34] @Fuzzdammit: The pharmacy down the road gave me amoxicillin without prescription

35] @m4lh1: Boyfriend: Girlfriends busy, I’ll just pick up Levonelle for her. She’s used it before, it’ll be fine.

36] @MrDispenser: Pharmacists don’t make fun of patients on twitter

37] @MrDispenser: You can submit tweets as CPD

38] @googlybear84: Shop staff know nothing about the products they sell, and only recommend the ones they’ve actually used personally

39] @rmoomin1: I take you more seriously when you name drop your second cousin twice removed who’s a nurse and knows best

40] @kevfrost: 5mL of amoxicillin, clarithromycin, ciprofloxacin, trimethoprim and metronidazole suspensions count for 5-a-day-fruits

41] @sam4715: We only offer a managed repeat scheme to make more money. We tick everything on the repeat without asking the patient

42] @danthedealer: Only the pharmacist is able to reorder your prescription over the telephone

43] @MrDispenser: GPhC will never follow you on twitter

44] @MrDispenser: The white repeat slip is a legal prescription

45] @hedferguson: Yes it will only take me 5 minutes to do your 20 item script but we’re busy playing monopoly out back…

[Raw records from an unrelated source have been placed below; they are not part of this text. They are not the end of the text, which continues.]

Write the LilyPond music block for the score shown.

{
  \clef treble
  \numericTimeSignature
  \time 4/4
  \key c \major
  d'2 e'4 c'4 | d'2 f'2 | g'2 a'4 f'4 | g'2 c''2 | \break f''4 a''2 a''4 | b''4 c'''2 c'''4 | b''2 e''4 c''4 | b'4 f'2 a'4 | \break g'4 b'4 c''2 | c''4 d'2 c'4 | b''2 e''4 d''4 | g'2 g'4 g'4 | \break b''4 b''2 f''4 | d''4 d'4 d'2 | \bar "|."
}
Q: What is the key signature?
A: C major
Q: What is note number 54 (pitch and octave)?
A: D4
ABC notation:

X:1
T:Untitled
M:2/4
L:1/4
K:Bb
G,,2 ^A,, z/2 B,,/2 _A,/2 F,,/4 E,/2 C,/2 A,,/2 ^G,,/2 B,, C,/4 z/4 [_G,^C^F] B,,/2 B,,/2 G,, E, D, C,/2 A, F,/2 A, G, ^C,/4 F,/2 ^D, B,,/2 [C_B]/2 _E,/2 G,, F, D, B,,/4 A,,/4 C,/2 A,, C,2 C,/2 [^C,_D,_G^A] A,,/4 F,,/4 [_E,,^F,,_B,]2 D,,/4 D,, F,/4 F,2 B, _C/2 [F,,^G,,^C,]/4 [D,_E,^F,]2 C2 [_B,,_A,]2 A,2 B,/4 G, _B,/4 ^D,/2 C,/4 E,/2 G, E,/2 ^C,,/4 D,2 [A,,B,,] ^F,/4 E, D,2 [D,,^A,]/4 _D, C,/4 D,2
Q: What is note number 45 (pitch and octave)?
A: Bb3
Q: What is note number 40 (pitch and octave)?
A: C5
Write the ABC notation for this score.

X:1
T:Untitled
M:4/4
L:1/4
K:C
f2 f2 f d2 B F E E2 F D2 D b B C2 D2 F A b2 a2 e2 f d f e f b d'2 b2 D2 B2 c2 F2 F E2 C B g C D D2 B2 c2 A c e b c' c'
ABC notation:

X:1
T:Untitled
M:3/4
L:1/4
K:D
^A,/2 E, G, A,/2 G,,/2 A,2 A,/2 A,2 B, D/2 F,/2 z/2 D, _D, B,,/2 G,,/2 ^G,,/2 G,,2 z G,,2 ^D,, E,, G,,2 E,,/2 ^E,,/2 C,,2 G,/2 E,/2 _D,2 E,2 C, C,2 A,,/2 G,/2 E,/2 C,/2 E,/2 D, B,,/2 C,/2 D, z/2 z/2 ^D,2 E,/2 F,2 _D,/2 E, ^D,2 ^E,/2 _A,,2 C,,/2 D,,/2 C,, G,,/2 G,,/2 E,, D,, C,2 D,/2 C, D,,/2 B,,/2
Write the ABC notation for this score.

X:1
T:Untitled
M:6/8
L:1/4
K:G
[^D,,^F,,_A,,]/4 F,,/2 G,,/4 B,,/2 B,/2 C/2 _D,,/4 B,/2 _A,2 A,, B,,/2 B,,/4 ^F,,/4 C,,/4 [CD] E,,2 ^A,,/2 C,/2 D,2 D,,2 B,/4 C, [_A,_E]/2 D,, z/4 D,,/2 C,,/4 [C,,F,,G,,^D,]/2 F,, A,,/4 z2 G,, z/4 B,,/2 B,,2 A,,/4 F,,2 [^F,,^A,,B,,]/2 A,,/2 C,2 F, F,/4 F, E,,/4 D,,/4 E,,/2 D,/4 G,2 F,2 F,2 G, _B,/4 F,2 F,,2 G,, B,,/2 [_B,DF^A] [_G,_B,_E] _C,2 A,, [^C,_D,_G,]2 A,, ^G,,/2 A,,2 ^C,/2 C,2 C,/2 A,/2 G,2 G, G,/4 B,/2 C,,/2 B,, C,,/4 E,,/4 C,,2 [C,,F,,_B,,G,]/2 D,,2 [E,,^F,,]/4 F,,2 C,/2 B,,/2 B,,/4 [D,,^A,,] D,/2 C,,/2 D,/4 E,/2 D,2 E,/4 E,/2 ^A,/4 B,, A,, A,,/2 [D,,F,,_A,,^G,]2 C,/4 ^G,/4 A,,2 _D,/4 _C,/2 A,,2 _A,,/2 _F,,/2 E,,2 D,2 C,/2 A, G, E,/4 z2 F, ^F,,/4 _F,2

46] @Cleverestcookie: All pharmacists chose pharmacy because they weren’t clever enough to do medicine

47] @MrDispenser: Pharmacists don’t need to eat lunch and this prevents them from needing a shit and keeps waiting times down

48] @Salsira: MURs take 5 minutes, doesn’t matter if you’re on 2 Meds or 10

49] @lauraberrycakes: Of course I can stand and chat about (insert non-relevant topic) when there is a queue of people waiting.

50] @googlybear84: “yes, I’m writing it down right now to order for you” whilst answering elusive Times crossword clue!